Mysterious power failure takes down Wikipedia, Wikinews
|This article mentions the Wikimedia Foundation, one of its projects, or people related to it. Wikinews is a project of the Wikimedia Foundation.|
Wednesday, February 23, 2005
On Monday, at 10.14 pm UTC, the Wikimedia server cluster experienced a total power failure, taking down Wikipedia, Wikinews, and all other Wikimedia websites.
The servers are housed in a colocation facility (colo) in Tampa, Florida, USA. They occupy two racks, with each rack receiving electricity from two independent supplies. However, both supplies have circuit-breakers in them, and both opened at the same time, leading to a total power failure. All computers immediately went down. It’s normal for fire safety regulations to prohibit uninterruptible power supplies in colos, with the colo providing its own UPS and generator instead. The circuit breakers were on the computer side of this emergency power system, so none of the computers continued to receive power to survive the breaker trip or shut down safely.
The actual reason why the circuit breakers tripped is currently unknown.
When power was restored, it was discovered that most of the MySQL databases that store the data which makes up Wikipedia et al had been corrupted. The main database and the four slaves had all damaged the data on their hard disk drives beyond the ability of the auto-correction to repair.

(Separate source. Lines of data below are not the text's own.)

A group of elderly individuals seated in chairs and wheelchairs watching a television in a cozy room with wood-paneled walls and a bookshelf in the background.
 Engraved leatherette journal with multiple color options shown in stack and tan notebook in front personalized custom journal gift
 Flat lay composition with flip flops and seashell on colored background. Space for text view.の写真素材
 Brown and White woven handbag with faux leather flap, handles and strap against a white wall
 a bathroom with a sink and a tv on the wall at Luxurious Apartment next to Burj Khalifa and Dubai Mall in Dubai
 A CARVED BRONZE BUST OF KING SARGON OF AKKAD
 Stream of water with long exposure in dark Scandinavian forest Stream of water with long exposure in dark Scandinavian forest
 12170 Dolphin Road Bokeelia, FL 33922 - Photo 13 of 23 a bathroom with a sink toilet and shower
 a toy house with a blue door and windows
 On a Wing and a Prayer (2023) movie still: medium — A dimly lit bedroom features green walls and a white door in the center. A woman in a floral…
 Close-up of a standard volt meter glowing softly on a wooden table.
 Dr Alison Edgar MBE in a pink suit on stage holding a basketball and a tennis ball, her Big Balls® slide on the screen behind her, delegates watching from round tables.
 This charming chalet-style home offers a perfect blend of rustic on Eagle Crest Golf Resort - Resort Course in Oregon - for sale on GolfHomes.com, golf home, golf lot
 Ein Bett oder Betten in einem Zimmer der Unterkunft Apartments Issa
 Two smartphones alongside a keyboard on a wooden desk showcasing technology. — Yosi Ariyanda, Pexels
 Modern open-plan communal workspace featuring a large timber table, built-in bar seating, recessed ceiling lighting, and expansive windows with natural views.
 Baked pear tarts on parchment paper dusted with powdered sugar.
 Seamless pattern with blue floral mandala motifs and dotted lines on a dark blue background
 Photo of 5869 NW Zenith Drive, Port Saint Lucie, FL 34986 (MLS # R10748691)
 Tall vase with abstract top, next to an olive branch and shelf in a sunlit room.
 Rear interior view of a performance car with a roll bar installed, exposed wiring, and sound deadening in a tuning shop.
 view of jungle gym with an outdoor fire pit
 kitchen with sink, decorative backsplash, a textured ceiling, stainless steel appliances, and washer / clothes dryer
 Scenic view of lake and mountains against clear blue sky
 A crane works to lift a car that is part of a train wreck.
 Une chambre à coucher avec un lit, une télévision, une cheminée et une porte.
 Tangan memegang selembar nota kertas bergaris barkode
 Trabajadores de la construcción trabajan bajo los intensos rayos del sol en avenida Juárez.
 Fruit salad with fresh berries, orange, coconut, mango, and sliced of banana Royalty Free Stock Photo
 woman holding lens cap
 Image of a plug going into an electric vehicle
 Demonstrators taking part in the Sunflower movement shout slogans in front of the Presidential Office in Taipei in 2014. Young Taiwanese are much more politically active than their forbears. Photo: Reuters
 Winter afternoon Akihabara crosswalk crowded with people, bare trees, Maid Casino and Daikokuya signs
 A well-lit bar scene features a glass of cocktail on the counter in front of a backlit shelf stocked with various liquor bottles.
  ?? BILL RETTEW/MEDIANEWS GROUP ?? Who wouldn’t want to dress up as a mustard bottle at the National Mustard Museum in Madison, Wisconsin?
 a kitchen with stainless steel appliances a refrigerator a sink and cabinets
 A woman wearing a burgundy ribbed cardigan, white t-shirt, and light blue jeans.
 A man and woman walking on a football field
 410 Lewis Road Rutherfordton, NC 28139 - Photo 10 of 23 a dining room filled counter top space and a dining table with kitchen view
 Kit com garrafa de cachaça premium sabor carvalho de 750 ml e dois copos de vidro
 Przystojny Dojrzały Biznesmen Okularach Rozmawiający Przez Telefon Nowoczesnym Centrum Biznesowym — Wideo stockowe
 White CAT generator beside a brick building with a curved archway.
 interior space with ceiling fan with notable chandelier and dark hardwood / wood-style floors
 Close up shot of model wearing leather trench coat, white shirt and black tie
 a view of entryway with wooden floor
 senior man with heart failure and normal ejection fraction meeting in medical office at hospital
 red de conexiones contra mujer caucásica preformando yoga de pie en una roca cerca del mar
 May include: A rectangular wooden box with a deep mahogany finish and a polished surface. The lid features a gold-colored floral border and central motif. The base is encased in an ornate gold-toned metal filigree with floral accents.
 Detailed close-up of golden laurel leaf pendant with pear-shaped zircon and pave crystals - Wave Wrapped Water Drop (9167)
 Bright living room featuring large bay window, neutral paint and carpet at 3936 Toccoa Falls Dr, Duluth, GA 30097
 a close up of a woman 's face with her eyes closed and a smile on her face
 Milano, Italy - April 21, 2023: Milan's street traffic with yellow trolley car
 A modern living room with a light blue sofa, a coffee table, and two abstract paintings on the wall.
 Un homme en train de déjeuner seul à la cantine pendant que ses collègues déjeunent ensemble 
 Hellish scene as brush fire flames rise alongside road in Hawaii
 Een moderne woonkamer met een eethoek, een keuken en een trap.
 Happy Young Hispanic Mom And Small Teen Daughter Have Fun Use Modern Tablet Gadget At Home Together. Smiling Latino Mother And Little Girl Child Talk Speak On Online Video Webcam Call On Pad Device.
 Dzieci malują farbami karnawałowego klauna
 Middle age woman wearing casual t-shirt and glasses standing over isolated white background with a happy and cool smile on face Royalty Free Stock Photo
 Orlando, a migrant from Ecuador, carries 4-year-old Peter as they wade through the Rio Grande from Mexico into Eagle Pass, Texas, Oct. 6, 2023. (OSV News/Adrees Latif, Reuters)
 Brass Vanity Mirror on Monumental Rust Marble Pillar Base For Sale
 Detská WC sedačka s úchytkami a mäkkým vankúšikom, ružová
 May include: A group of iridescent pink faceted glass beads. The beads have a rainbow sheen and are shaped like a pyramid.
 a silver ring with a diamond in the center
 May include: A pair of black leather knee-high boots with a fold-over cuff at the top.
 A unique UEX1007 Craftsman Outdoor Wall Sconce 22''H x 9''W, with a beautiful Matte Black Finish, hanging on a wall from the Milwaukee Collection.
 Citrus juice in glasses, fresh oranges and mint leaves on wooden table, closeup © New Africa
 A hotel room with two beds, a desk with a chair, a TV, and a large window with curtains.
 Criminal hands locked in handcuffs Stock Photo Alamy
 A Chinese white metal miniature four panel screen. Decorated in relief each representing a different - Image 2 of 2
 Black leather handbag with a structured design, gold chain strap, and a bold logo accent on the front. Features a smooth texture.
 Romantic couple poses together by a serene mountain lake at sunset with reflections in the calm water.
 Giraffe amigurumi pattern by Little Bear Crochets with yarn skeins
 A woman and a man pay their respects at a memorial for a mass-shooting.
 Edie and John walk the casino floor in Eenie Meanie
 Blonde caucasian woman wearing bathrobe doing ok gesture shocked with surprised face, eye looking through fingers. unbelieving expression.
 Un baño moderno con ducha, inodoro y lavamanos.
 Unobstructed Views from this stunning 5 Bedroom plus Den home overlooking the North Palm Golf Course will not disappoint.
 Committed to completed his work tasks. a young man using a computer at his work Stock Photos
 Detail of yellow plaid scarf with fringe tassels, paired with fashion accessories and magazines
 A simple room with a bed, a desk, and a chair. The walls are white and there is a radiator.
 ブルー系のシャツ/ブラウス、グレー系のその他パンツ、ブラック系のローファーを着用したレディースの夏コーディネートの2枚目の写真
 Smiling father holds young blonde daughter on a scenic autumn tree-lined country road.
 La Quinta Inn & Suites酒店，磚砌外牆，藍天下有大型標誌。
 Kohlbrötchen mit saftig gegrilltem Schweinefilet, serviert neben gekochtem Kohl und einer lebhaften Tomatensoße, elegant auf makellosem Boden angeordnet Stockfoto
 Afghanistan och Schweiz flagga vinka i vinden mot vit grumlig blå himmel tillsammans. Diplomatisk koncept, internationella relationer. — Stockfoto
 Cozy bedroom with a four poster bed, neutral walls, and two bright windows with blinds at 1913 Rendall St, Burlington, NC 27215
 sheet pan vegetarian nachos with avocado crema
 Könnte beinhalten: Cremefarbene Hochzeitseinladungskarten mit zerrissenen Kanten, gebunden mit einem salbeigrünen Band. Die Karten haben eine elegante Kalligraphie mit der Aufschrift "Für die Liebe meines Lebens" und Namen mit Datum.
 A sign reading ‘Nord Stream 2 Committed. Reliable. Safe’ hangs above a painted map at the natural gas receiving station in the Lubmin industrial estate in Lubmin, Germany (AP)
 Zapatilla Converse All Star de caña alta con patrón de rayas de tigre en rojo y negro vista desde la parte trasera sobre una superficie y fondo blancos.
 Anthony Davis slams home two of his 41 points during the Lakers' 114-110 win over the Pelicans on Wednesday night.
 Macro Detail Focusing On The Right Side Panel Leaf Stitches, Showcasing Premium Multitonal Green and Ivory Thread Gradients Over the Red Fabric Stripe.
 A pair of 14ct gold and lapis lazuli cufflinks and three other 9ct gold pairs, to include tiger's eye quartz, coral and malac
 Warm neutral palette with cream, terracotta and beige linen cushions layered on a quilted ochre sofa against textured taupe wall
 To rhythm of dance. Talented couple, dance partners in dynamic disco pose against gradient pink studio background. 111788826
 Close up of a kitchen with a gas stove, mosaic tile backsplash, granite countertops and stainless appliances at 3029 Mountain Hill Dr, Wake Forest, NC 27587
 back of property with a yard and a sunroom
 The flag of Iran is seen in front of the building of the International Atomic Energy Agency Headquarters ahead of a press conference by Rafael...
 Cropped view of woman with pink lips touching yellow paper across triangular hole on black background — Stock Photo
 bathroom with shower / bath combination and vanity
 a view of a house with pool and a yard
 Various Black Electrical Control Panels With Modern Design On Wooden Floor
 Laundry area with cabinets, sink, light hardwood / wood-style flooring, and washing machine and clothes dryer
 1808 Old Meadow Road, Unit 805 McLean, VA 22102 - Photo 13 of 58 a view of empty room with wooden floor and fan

Only one copy survived safely, on a machine that is used for report generation and maintenance tasks, which remained 31 hours backlogged while catching up after an unusually heavy update load during the previous week.
Volunteer Wikimedia engineers worked through the night rebuilding the databases from the sole good copy onto the other servers. The Wikipedia database is over 180Gb in size, making the copying process last 1.5 – 2 hours for every server it was performed upon.
Regular back-ups of the database of Wikipedia projects are maintained – the encyclopedia in its entirety was not at risk. The last database download was made on February 9; all edits since then could only have been laboriously rebuilt from logs and recovered from the damaged database requiring much more time and effort.
Limited read-only service was established late Tuesday afternoon, with editing becoming possible 24 hours after the power failure. Final repairs continue now, as well as upgrades to prevent similar issues in the future. Server-intensive features, such as categories and ‘watchlists’ that display recent changes to selected articles to registered users, remain disabled to ease the load on the recovering systems.
The process which led to the damage originated with the operating system, disk controllers, or hard drives failing to flush the data correctly.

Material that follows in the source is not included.